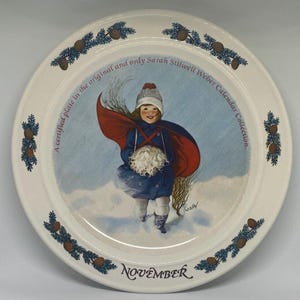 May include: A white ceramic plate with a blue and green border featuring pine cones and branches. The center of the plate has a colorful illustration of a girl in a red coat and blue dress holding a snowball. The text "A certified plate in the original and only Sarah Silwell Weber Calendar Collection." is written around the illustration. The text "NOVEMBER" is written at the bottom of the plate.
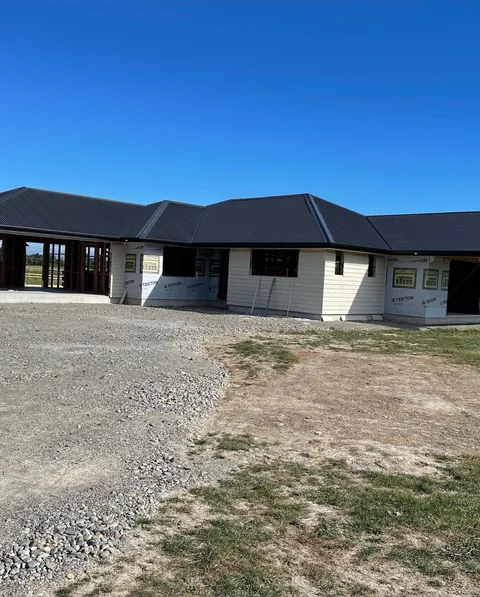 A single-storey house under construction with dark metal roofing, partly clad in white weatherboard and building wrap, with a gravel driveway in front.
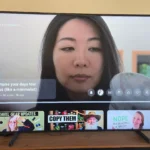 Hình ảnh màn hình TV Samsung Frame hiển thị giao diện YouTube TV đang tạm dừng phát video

=======

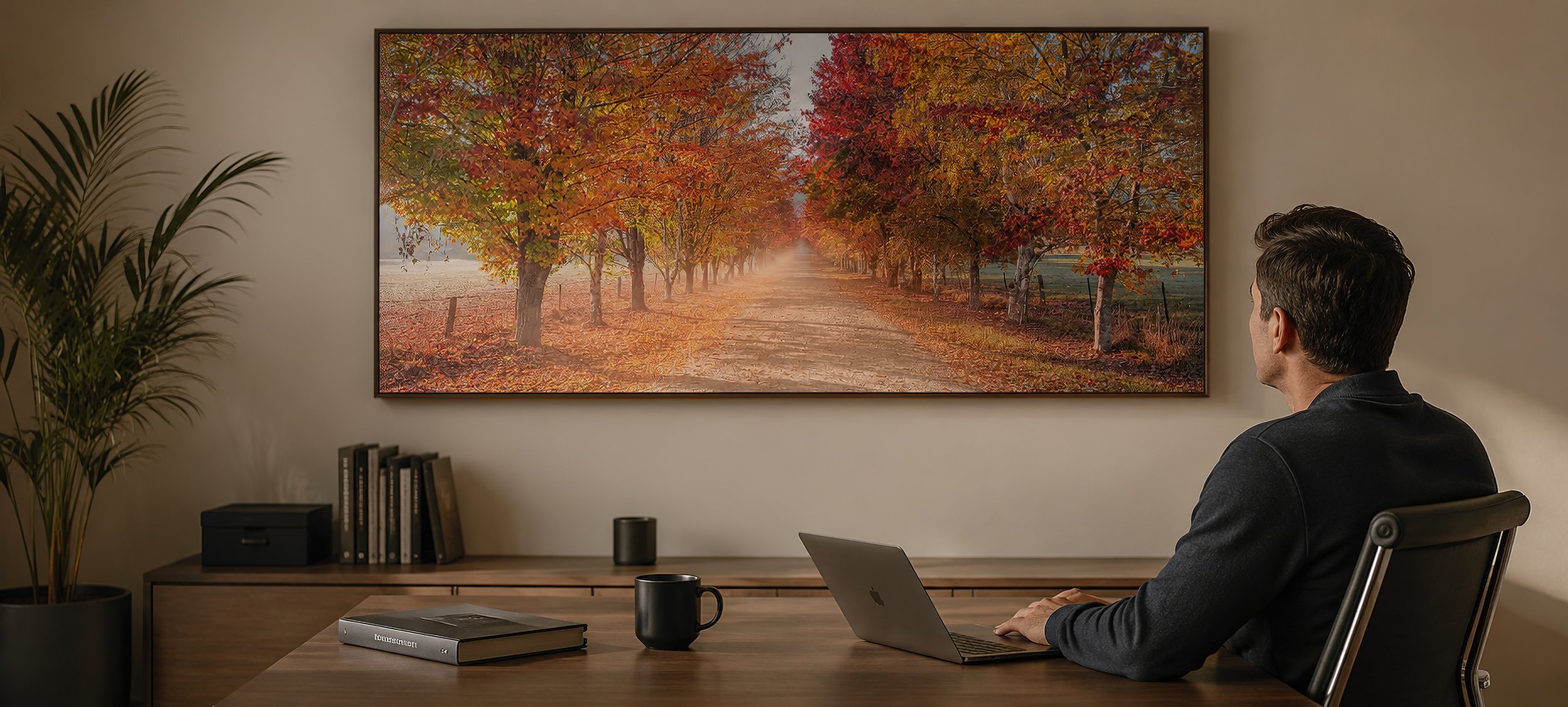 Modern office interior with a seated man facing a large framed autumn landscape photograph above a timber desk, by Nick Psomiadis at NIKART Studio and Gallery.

=======

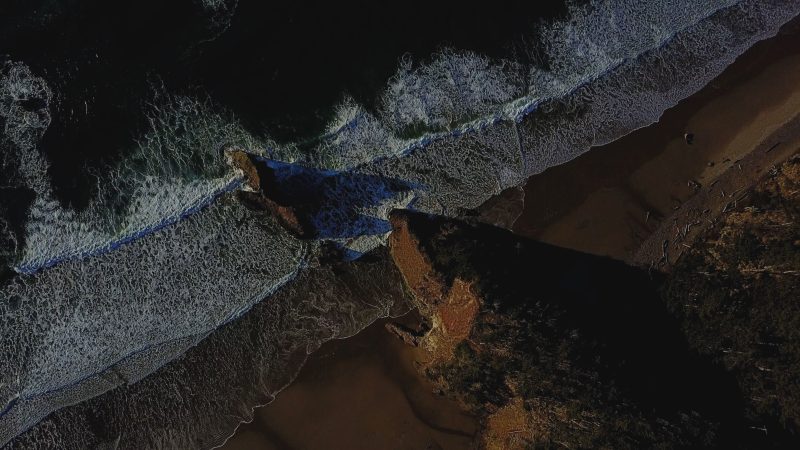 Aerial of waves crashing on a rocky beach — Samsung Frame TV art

=======

(Required work) Copy word for word only the lines above from the one with "A single-storey house" through the one with "Hình ảnh màn". Leave pictures out.

(Task response)
 A single-storey house under construction with dark metal roofing, partly clad in white weatherboard and building wrap, with a gravel driveway in front.
 Hình ảnh màn hình TV Samsung Frame hiển thị giao diện YouTube TV đang tạm dừng phát video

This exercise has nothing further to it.